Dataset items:
————

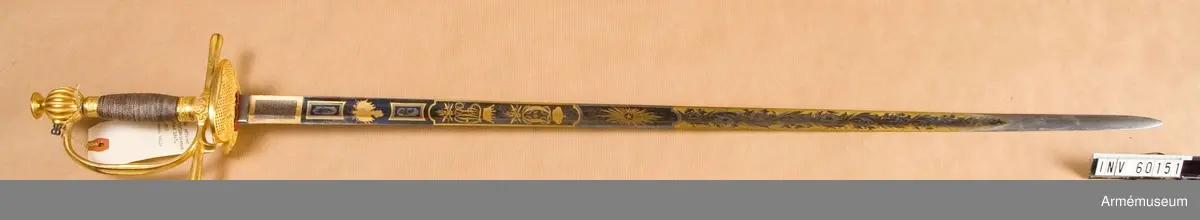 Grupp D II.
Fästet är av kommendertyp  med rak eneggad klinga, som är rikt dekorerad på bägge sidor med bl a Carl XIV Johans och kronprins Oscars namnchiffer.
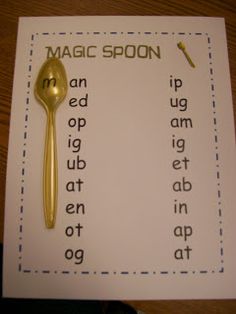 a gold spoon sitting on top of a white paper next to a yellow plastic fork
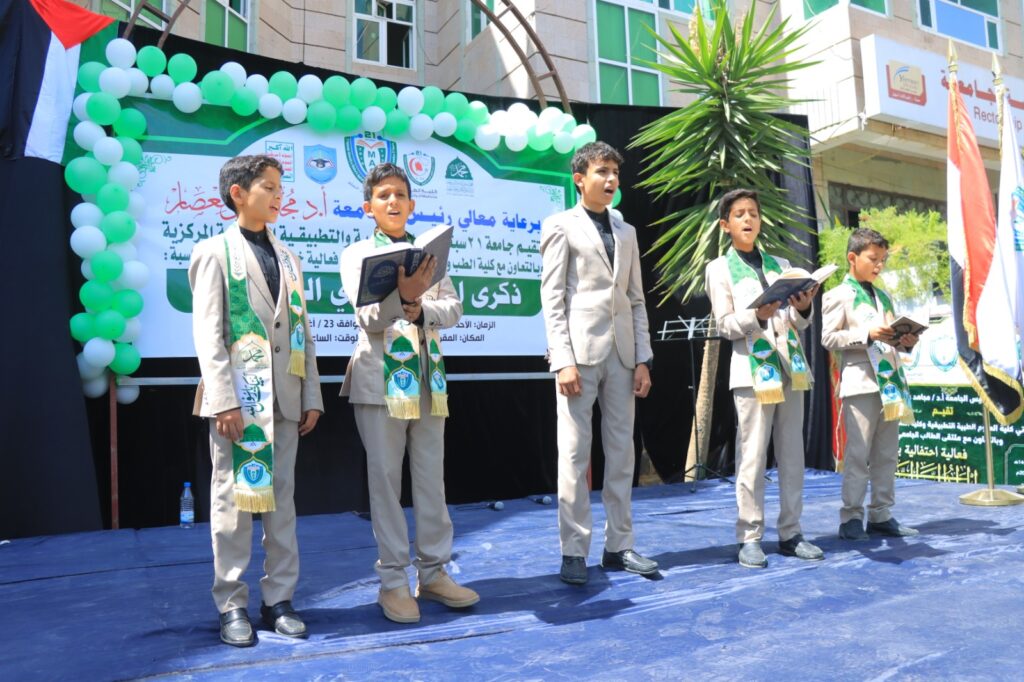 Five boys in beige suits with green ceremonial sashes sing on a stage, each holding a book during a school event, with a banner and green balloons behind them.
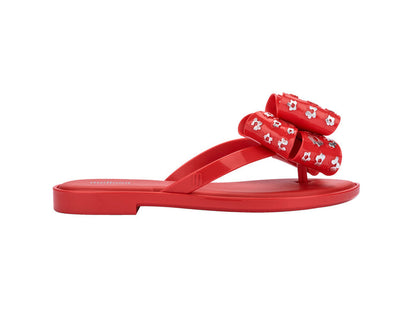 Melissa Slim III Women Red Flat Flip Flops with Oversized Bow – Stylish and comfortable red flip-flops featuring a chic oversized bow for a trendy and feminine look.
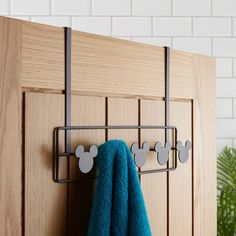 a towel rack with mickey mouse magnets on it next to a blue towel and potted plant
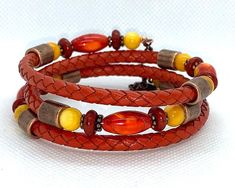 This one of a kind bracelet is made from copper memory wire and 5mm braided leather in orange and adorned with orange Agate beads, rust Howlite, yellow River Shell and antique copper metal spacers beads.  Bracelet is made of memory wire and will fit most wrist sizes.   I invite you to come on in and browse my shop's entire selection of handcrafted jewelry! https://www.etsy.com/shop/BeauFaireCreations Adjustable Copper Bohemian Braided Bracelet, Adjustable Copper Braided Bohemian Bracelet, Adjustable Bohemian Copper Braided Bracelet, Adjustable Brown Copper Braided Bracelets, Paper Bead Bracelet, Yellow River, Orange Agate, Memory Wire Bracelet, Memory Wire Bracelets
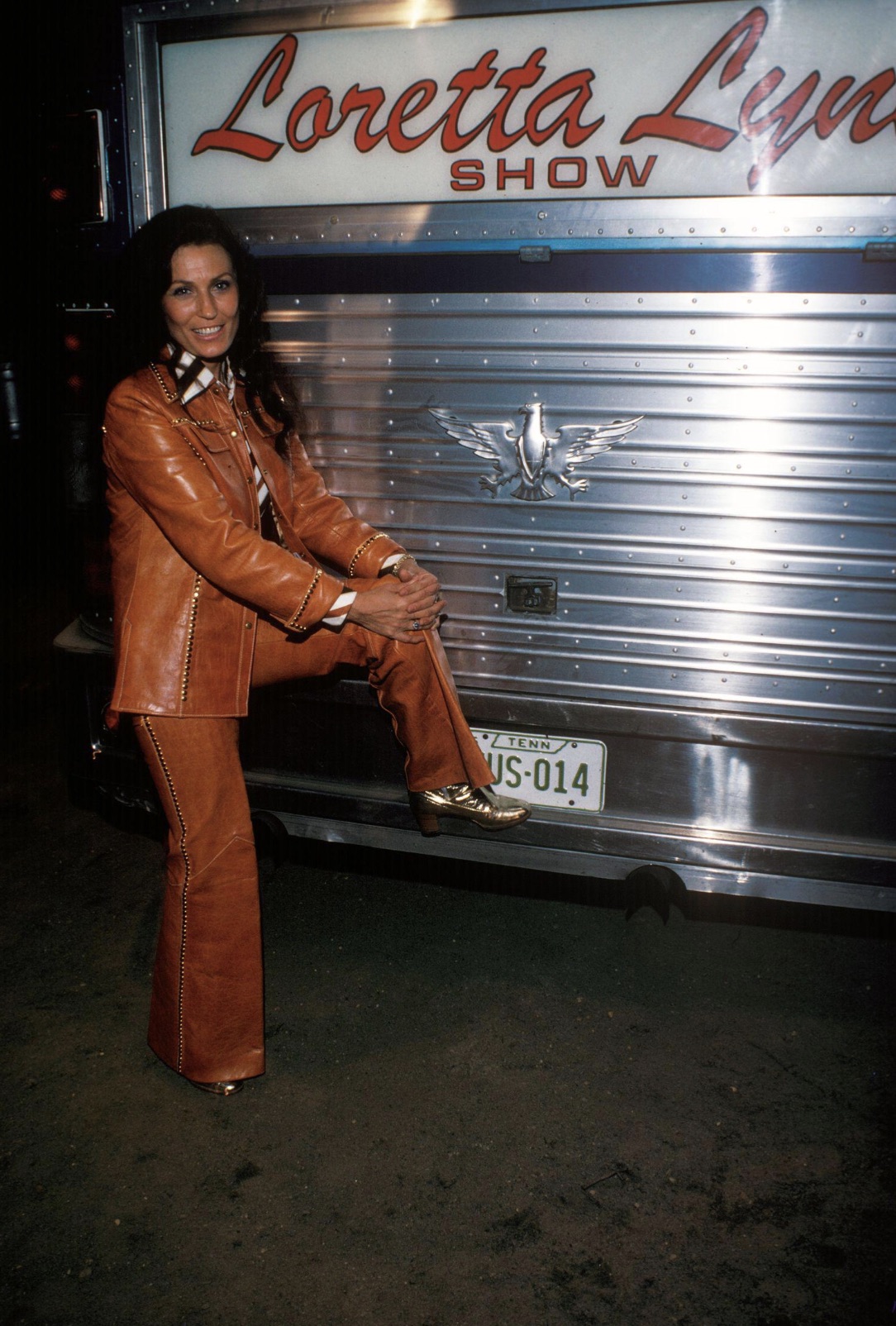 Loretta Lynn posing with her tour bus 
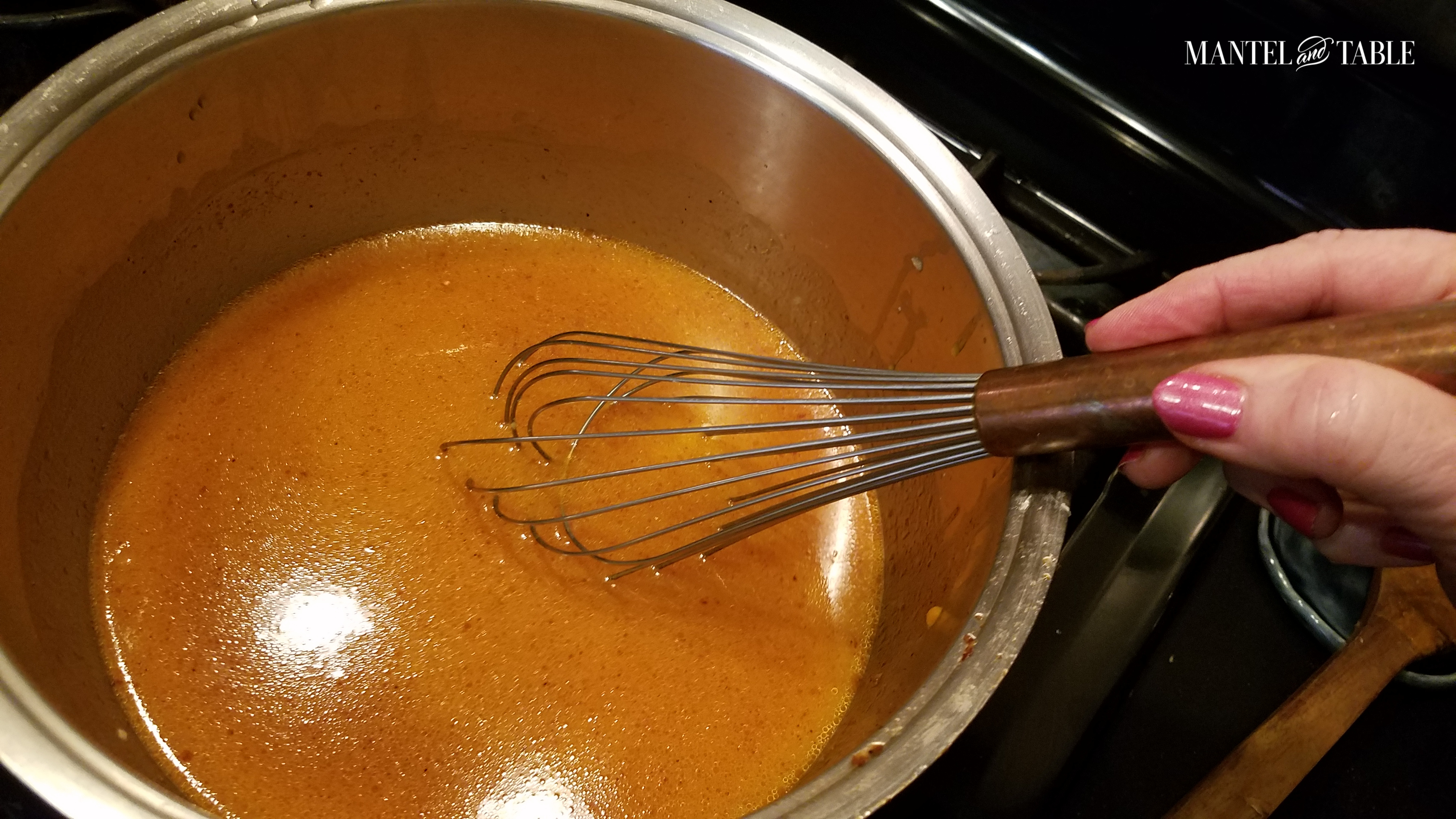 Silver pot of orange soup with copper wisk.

————

Your task is to return the lines above, from the first one up to and including the line containing "Melissa Slim III", minus any pictures.

◆ **Response**:
 Grupp D II.
Fästet är av kommendertyp  med rak eneggad klinga, som är rikt dekorerad på bägge sidor med bl a Carl XIV Johans och kronprins Oscars namnchiffer.
 a gold spoon sitting on top of a white paper next to a yellow plastic fork
 Five boys in beige suits with green ceremonial sashes sing on a stage, each holding a book during a school event, with a banner and green balloons behind them.
 Melissa Slim III Women Red Flat Flip Flops with Oversized Bow – Stylish and comfortable red flip-flops featuring a chic oversized bow for a trendy and feminine look.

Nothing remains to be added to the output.